TASK STATEMENT
A single number is the required answer: the count of lines in the listing below that hold the string "webp".

*** Block opens ***

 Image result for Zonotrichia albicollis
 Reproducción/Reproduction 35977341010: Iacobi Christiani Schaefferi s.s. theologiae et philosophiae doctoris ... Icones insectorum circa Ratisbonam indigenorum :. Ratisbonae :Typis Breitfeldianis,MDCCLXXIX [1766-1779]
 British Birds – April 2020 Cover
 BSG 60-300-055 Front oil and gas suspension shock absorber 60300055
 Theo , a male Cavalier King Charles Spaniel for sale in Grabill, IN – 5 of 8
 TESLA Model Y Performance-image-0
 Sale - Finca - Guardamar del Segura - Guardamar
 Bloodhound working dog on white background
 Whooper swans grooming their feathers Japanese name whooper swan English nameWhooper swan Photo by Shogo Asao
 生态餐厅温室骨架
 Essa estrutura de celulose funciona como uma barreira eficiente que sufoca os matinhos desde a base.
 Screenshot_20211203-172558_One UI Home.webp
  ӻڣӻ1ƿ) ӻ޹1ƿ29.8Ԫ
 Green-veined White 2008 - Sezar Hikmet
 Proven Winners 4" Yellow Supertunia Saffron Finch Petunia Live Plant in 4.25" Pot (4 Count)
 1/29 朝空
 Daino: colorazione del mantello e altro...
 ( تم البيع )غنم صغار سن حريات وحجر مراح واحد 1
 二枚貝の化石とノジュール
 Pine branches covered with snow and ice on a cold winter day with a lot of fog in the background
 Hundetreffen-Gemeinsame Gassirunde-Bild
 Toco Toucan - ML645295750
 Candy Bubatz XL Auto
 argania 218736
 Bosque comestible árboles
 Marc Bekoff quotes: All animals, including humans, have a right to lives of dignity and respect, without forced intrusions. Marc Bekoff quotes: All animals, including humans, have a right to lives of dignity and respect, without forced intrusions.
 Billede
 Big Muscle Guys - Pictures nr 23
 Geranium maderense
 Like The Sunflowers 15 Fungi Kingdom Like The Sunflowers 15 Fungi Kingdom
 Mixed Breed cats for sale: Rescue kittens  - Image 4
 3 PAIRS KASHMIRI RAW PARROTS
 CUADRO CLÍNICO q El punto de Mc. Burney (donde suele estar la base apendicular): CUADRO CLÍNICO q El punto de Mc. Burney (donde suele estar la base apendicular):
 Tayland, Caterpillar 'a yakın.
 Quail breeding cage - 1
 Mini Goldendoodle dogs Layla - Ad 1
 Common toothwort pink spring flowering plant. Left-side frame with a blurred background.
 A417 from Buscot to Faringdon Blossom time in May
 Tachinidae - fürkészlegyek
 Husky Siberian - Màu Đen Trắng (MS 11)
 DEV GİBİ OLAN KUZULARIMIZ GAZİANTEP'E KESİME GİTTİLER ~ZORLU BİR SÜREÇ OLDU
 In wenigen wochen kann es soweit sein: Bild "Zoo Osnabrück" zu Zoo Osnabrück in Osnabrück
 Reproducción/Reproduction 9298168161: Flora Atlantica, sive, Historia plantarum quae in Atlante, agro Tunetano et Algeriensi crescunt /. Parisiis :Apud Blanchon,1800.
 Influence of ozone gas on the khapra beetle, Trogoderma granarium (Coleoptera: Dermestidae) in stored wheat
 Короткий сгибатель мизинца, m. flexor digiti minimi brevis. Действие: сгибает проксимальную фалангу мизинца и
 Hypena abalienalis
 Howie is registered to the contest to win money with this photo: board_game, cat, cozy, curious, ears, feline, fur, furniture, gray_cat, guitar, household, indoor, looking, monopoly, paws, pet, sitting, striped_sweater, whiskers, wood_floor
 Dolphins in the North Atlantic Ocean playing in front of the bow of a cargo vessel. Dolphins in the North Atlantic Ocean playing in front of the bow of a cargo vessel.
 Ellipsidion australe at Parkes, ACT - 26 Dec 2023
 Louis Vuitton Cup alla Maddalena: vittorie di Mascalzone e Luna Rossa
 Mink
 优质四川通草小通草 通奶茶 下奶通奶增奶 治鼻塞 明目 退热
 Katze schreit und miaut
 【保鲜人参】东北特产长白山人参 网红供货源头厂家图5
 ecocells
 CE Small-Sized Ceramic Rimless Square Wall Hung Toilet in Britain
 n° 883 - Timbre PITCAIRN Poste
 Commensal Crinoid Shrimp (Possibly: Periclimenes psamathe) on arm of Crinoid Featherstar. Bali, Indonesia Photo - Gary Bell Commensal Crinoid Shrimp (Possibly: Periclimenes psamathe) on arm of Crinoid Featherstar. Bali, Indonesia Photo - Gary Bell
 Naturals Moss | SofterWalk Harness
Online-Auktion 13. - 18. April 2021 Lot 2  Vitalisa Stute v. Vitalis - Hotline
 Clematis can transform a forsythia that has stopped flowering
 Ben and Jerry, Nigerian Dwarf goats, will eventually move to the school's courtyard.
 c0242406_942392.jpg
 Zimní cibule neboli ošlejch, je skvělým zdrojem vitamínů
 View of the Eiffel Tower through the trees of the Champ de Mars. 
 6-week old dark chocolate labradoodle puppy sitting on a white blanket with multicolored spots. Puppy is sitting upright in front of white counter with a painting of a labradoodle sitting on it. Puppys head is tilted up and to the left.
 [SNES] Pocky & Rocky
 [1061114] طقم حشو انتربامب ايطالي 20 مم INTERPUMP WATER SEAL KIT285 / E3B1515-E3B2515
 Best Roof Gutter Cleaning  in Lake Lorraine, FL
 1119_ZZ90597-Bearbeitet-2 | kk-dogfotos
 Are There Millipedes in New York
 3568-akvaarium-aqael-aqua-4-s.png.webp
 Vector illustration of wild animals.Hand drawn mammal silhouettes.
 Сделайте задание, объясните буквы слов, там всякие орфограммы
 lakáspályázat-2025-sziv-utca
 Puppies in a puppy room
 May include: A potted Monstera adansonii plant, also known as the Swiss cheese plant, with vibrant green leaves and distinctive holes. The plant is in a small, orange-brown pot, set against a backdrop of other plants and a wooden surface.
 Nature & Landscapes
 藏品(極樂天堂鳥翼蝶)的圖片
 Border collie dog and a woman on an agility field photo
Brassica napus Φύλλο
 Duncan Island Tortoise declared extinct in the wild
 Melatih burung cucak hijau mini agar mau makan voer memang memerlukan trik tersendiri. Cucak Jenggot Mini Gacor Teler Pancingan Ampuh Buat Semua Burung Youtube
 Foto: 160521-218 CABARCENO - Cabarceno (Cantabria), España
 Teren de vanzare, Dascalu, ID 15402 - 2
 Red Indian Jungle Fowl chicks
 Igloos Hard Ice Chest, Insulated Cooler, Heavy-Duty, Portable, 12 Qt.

*** Block closes ***

RESULT OF THE EXERCISE
2